> _Listed records_
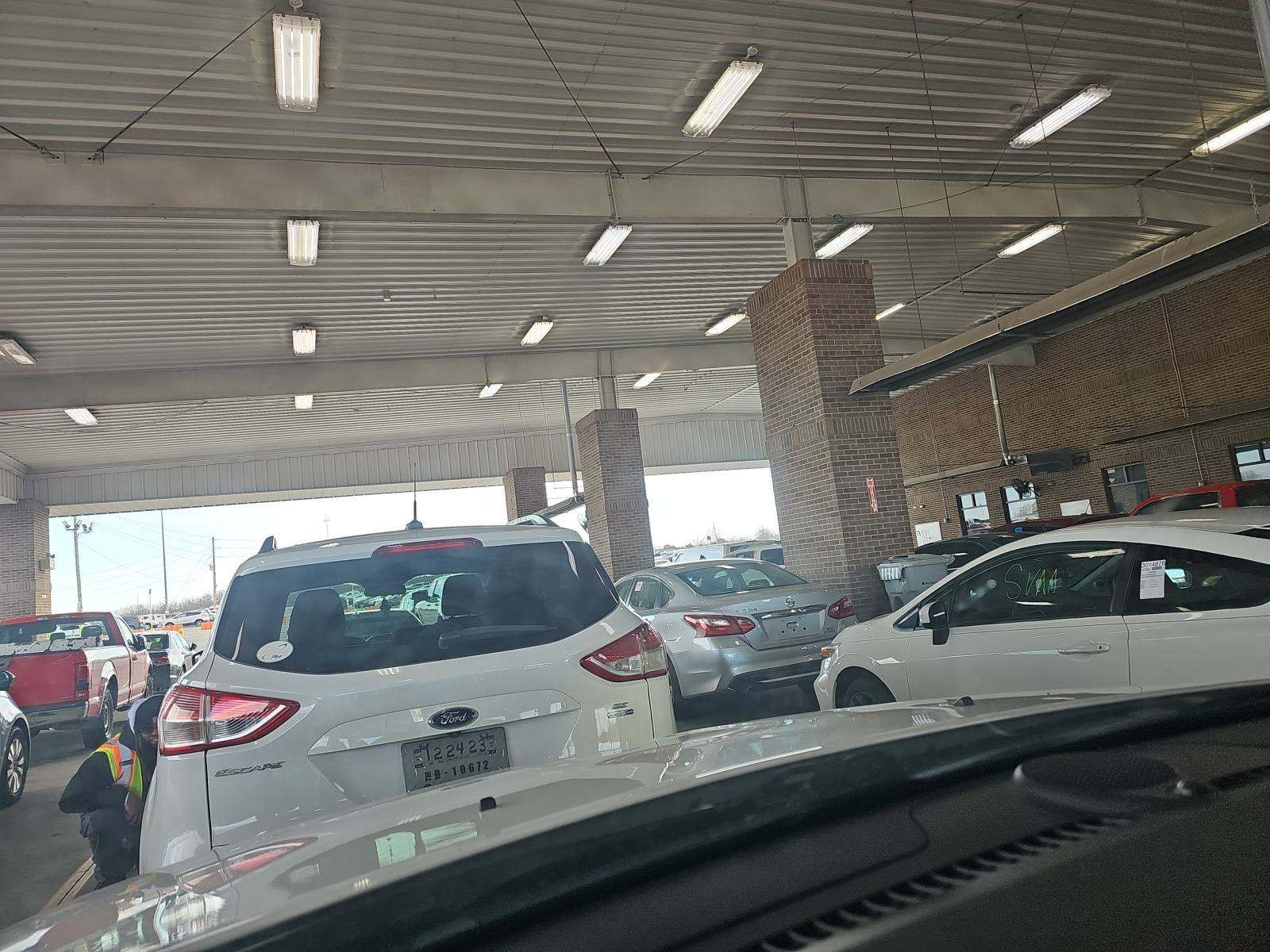 2017 Jeep Grand Cherokee LIMITED AWD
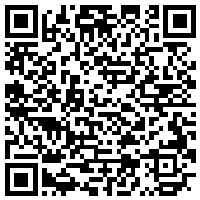 QR Code for bitcoin:bitcoin:bitcoin:bitcoin:bitcoin:bitcoin:dash:XfbaLBRFGt51HgSjq5gTk4jigsNmLkBuqN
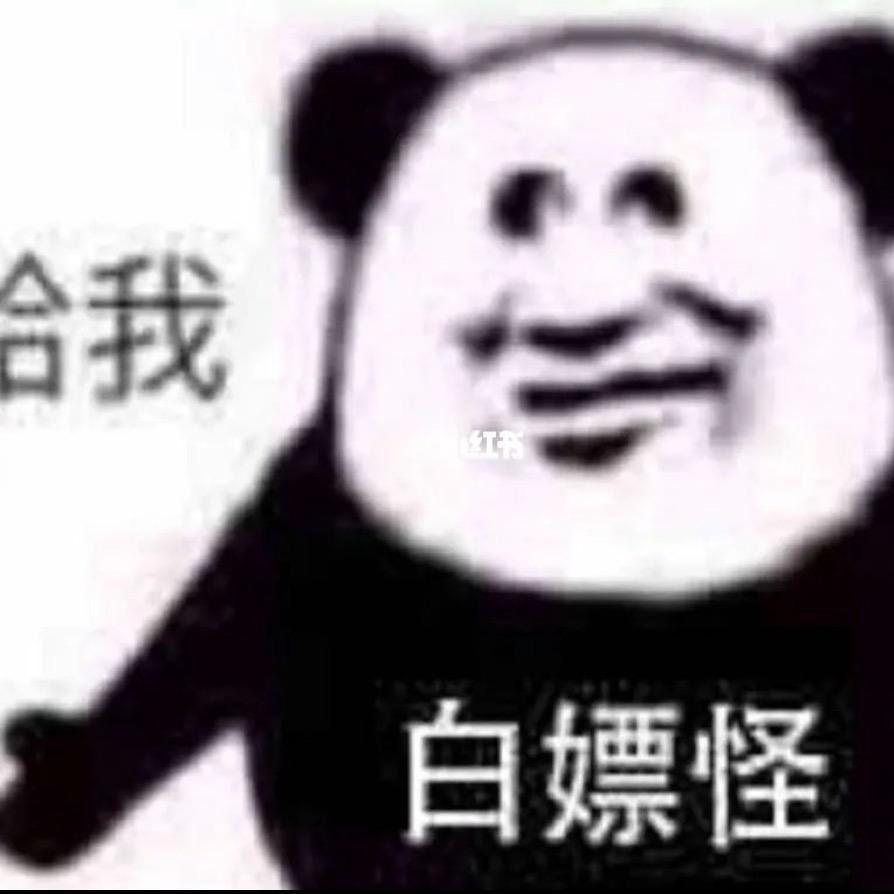 嘟嘟助眠屋ASMR （为爱发电版）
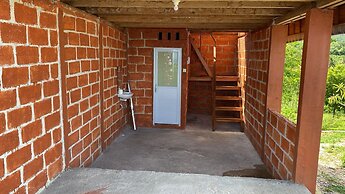 Suwehan Beach Cliff House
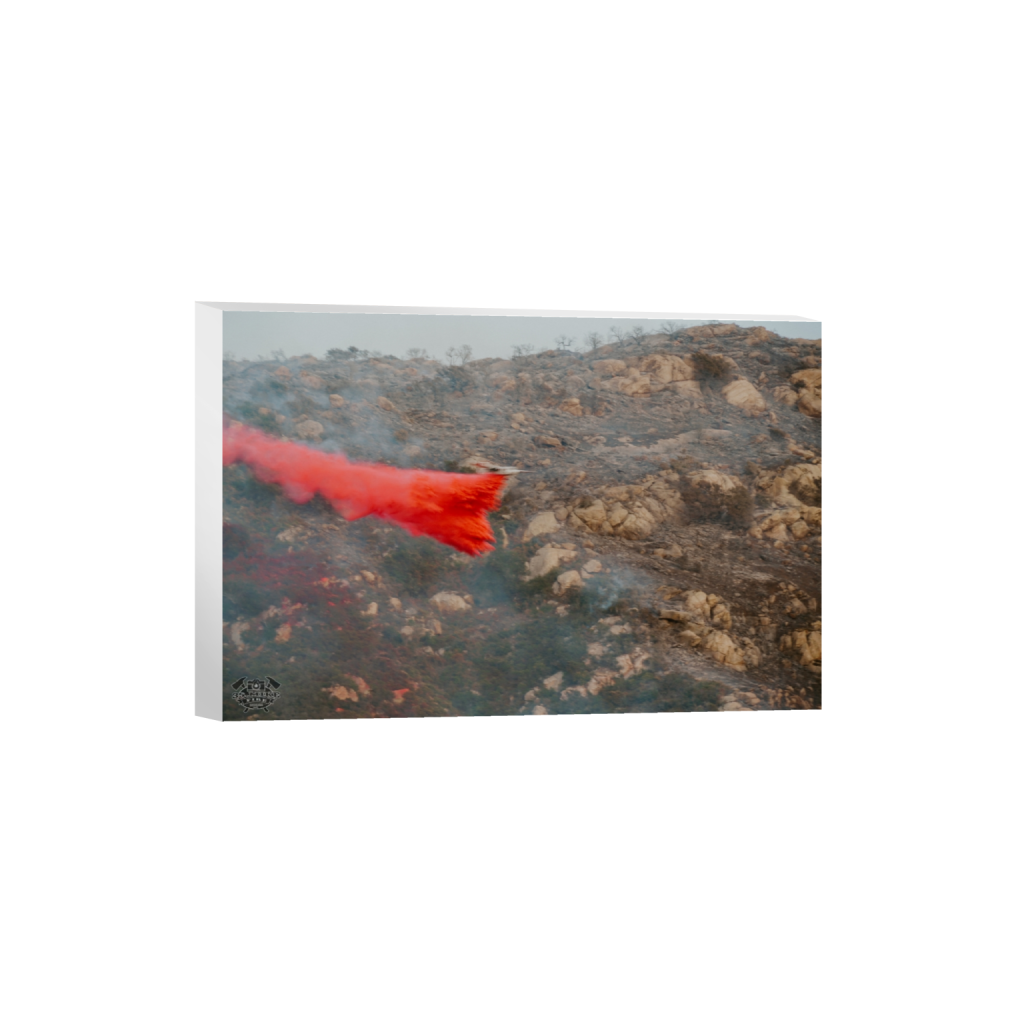 canvas_rectangle2_3_0_1_7952_5301_0_false_ffffff_0_0.png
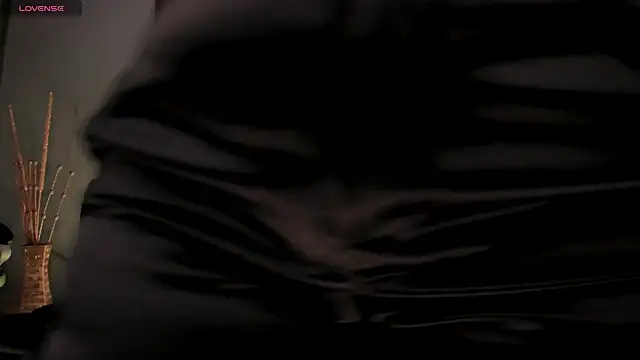 AnnaBrooks1 online show from January 2026 07:28:01 PM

> _Problem_
Locate "canvas_rectangle2_3_0_1_7952_5301_0_false_ffffff_0_0.png" in the entries above. Copy, exactly and only, the lines from that line to the end, leaving out the pictures.

> _Result of the exercise_
 canvas_rectangle2_3_0_1_7952_5301_0_false_ffffff_0_0.png
 AnnaBrooks1 online show from January 2026 07:28:01 PM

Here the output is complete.